Your answer must be the full listing, word for word, with no images in it.

══ Data section ══

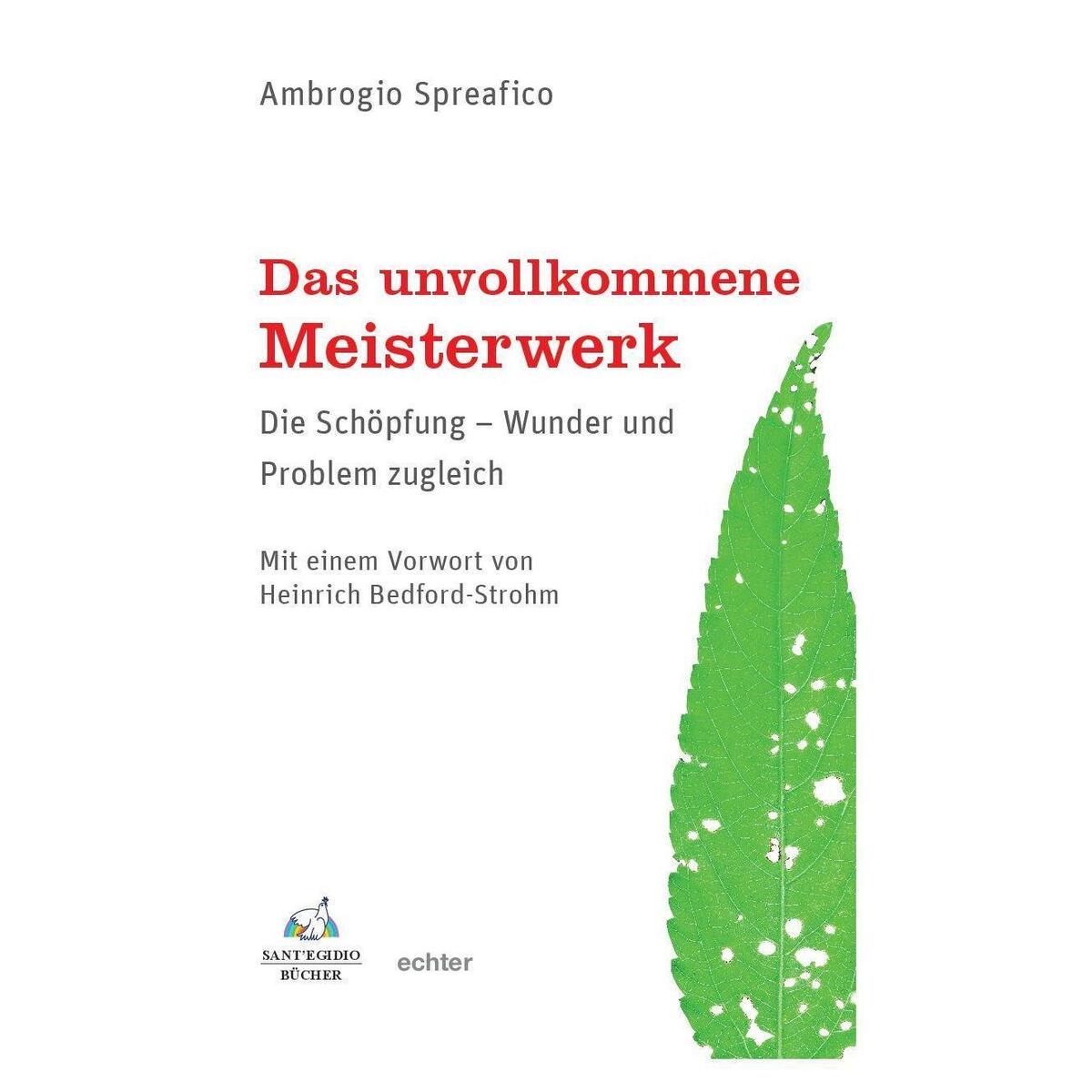Das unvollkommene Meisterwerk von Echter Verlag GmbH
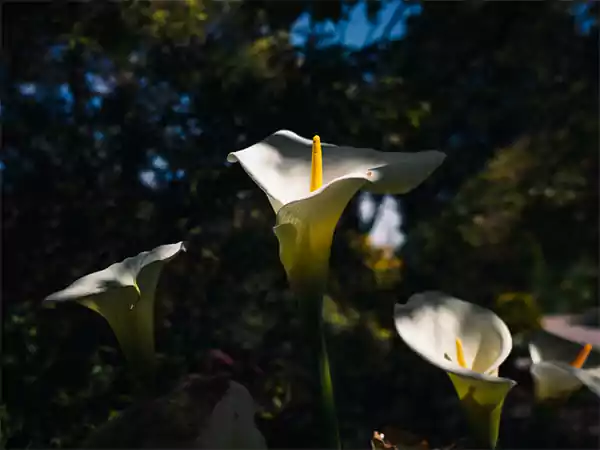 Calla lilies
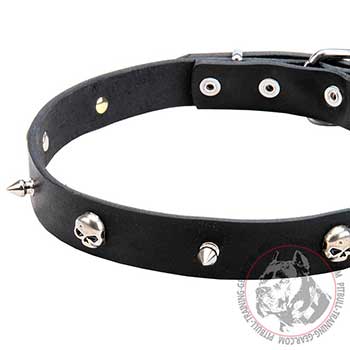 Trendy Steel Skulls and Spikes on Pitbull Leather Collar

═══

## Answer section
Das unvollkommene Meisterwerk von Echter Verlag GmbH
 Calla lilies
 Trendy Steel Skulls and Spikes on Pitbull Leather Collar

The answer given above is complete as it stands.